I get a lot of e-mails on a regular basis from PR firms pitching one story or another for their clients. Many times they don’t even have anything to do with beer because most firms don’t have a separate category and just lump all beverages, and usually food, together in one category. Today I got one that at first glance seemed destined for the delete key, though it was more interesting than most of the ones I get.

It was titled the “Ten Trends to Watch in Packaged Goods in 2007” and was complied by the market research company Datamonitor. Of the first nine, a few of their predictions could have some relevance to craft beer, but more likely to fringe malt beverages or other kinds of drinks.
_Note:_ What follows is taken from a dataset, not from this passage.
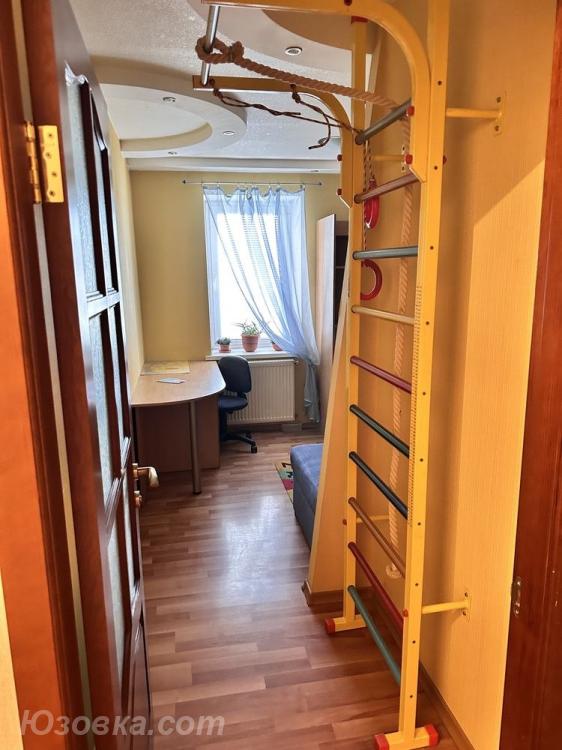 2-комн. квартира, 45м², с мебелью, 4/10 эт., ДОНЕЦК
Those categories are Calorie Burning Beverages, Satiety-Enhancing Foods & Drinks, Local Sourcing of Ingredients, and Immunity Boosting Foods & Drinks.

Number 10, on the other hand, was “Better for You” Beer – Blame it on the “French Paradox.” Here it is in its entirety:

With beer losing ground to wine in many markets around the world, beer makers are beginning to fight back with new products promising new health benefits for beer. Stampede Light is claimed to be the “first ever government approved vitamin beer” for the USA market with its B-vitamins, folic acid and folate. In Germany, Karlesberg Braueri is out with a pair of new functional beers aimed at women. Karla Well-B, for instance, is made with lecithin, folic acid and other vitamins. Karla Balance mixes hops with lemon balm. Both products have just 1% alcohol by volume. Beer may never be the same.
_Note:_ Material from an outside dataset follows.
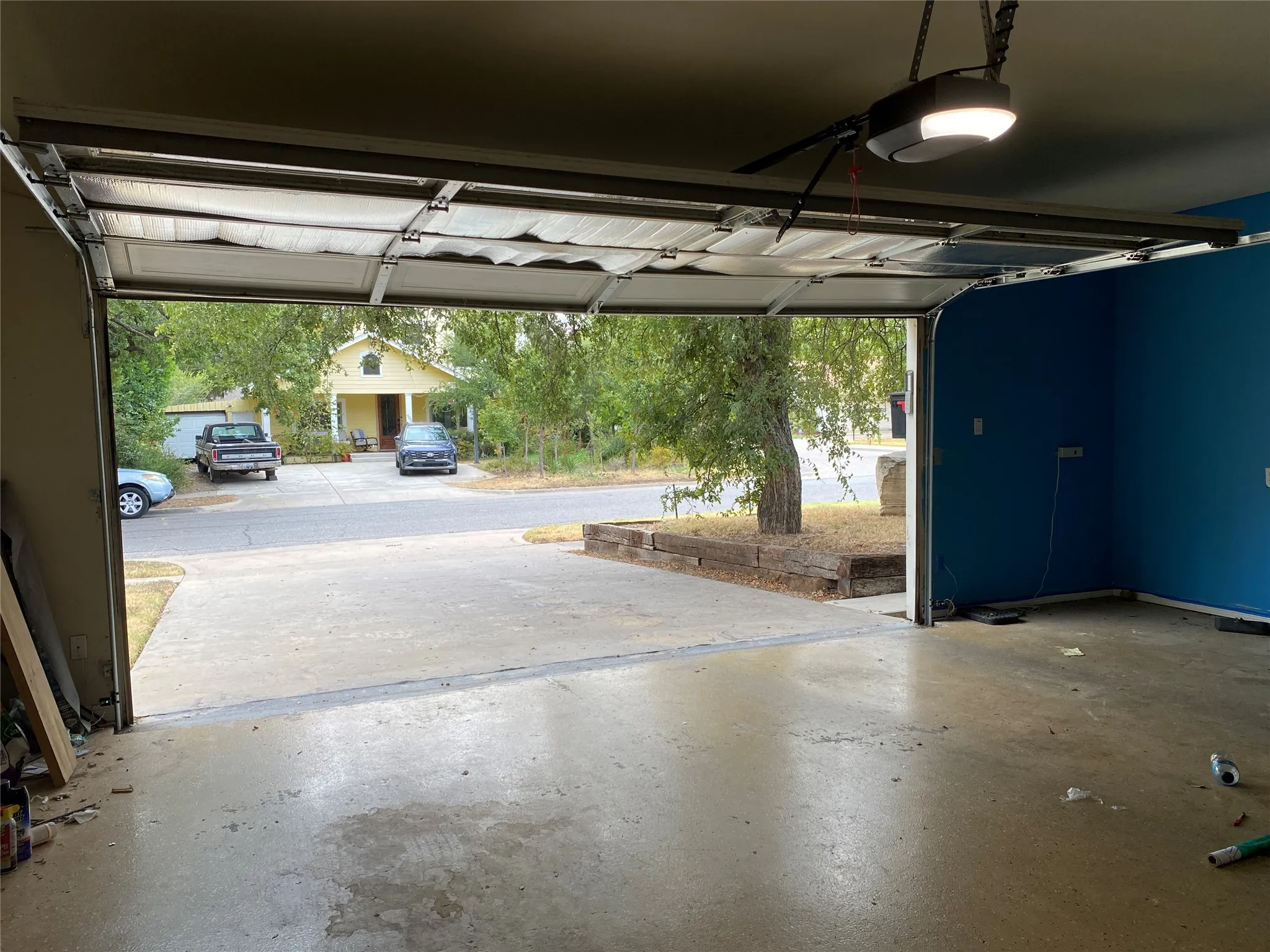 Single Family Residence For Sale in Dallas County , 400 S Jefferson Street S, Irving, Texas 75060, 3 Bedroom, 3 Bathroom, 2 Garage spaces, 2,172 Sqft, built in 2004, mls#21367138, Real Estate Agent in Irving, Homes For Sale in Dallas county, Homes For Sale in Irving, Realtor in Irving Texas, Real Estate Brokerage Independent Realty Texas, Luminita Cordes Realtor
That’s not one of the trends in beer I would have predicted needed watching, but then I don’t have the research apparently Datamonitor does. But I already have prima facie questions about it. Their initial justification is that “beer [is] losing ground to wine in many markets around the world.” But I haven’t seen anything more than polls that only anecdotally support that, and even some of that data doesn’t support that conclusion. Sales of beer are still many times wine (4 to 1 in the U.S.) so how true is that assertion?

I have no problem with the health benefits of beer being touted in beer marketing and advertising. Craft beer without any additives at all has many proven and theoretical health benefits. That the TTB doesn’t permit beer companies to make those claims because it might promote drinking is puritanical nonsense that has no place in a free society. Beer with health additives seem like novelties to me, however sincere their makers may be. Many I’ve tried taste just fine to me, but there appeal seems largely aimed at persons for whom the particular claim of each one resonates in some particular way for that customer. In other words, their appeal is more limited. They are, after all, niche products by definition and many are sub-niches of broader categories like health food products or organics.

So I just don’t see these as trends worthy of our constant attention next year. Far more likely trends to watch, I think, will be organic beers and gluten-free, but only time will tell. What do you think? What will be the hot new trends in beer next year?